Tuesday, November 21, 2006

At home, sort of

It's been a week since the movers left. It's time to say something, yet I find myself starting and restarting this entry, trying to find the right approach. A problem I rarely have at Mile High Apple, where my entries usually seem to write themselves, even if that does lead to a lot of windy, whiney self-indulgence and overwriting.

Home. It no longer smells like paint or echoes with silence. Now it smells like cardboard from all the boxes (I should be used to that smell by now) and the special caulk that plumbers use (don't ask). Some things are put away, some aren't. I have a renewed appreciation for the essentials. For example, I have managed just fine with two wooden spoons since the pots were found and I could start cooking again (I think that happened Saturday.) One would have been plenty, actually. Why do I have a million wooden spoons, spatulas, and various specialized serving implements? But that is a minor question. There are more important ones hanging fire.

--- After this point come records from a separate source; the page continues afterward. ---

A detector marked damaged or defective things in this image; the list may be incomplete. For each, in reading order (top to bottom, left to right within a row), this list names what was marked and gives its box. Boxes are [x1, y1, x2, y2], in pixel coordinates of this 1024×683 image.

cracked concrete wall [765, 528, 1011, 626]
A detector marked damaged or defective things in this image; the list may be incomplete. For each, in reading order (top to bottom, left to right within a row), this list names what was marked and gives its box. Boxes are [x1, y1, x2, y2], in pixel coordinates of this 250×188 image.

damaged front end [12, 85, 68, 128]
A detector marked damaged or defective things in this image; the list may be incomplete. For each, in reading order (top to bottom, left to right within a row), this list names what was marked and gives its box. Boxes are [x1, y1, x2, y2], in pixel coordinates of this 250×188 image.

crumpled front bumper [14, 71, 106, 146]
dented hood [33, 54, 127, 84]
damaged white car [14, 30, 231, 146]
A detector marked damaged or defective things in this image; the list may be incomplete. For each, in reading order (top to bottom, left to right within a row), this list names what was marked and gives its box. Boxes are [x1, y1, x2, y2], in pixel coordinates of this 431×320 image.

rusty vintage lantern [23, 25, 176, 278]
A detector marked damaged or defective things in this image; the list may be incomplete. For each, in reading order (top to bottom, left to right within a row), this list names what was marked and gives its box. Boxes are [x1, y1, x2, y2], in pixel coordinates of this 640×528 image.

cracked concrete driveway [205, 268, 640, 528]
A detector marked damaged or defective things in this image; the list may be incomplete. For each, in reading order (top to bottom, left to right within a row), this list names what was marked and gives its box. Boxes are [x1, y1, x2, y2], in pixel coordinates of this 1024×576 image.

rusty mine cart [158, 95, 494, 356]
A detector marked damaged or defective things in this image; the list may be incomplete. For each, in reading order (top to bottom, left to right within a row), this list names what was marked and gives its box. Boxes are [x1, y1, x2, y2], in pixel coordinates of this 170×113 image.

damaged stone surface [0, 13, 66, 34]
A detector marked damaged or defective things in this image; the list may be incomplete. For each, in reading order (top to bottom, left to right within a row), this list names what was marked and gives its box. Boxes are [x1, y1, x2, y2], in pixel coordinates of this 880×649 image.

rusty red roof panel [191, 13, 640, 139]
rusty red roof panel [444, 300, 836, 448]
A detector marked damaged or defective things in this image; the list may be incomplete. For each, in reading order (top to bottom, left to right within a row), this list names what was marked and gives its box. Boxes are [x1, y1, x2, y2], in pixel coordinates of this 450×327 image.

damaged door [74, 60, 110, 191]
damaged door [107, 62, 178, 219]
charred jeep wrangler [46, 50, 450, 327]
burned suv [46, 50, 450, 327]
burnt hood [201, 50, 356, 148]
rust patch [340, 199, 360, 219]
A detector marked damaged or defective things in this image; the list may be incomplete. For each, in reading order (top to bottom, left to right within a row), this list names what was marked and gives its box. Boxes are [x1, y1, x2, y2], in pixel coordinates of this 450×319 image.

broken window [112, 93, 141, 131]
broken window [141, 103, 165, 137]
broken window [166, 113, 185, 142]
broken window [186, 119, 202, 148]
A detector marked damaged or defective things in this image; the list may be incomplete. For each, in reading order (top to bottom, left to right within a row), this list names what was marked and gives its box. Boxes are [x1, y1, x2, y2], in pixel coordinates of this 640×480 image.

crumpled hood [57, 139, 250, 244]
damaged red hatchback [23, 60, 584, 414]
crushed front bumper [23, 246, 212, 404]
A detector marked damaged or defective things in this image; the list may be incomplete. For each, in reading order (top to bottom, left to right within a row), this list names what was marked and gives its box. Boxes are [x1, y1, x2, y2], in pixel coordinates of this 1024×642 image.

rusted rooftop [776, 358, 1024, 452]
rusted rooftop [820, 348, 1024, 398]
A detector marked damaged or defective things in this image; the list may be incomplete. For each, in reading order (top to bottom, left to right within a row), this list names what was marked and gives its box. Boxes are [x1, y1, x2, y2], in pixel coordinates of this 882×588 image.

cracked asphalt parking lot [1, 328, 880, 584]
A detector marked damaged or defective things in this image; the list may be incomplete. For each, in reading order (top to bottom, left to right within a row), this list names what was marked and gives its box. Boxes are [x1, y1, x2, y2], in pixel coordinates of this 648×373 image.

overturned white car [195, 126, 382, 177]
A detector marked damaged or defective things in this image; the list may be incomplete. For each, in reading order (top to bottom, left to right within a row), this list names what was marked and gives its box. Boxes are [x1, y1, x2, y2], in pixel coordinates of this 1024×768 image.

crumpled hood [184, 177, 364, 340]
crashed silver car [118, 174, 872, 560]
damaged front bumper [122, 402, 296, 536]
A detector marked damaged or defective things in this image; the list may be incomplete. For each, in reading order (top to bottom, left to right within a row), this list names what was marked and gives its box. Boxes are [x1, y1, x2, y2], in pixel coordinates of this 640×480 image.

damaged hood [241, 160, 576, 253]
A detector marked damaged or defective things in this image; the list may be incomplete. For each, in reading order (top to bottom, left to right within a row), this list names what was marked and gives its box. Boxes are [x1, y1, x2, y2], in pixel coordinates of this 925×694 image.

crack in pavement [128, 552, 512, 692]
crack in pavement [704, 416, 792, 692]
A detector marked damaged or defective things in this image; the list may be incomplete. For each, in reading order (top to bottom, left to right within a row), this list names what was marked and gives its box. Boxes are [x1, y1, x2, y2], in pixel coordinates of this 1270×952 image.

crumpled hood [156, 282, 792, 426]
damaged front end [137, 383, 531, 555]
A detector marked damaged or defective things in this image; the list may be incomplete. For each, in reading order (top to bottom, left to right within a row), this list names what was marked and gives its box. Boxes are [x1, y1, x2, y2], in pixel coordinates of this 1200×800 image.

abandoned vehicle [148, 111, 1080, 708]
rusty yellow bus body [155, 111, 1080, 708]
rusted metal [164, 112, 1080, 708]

It seemed, for many months, living in the old apartment and looking at apartments, that finding a place we could call our own was both vital and impossible. As if I was waiting for this for life to begin -- no, that's the wrong way to put it. Life was going on, as it usually does. But things had a temporary feeling, a transitory nature. I did not really notice my surroundings, except to maintain a minimal level of hygiene and order; did not worry if I liked the furniture arranaged as it was or the color of the walls. These things were not important the way they had been in the house in North Carolina, where the house seemed an extension of ourselves, or rather, was inextricably fused with ourselves.

This was a distressing feeling; now that it is behind me, at least for a while, I wonder if it was not also truer to the actual nature of things. Transitory: Is there a better description of life? I seem to have written a lot here about the longing for permanence, even as I admit to do so is to chase an illusion.

Maybe I am thinking about this too much. Pluses and minuses, what are they?

In the new apartment, the noise and stench of garbage trucks on the street outside no longer wake us up at 6 a.m. Here, no one next door is half-heartedly learning to play the piano. Nothing in the entire apartment is made of particleboard; it all has a reassuringly solid, heavy prewar feeling. There are windows in every room, even the kitchen; sunlight moves from corner to corner.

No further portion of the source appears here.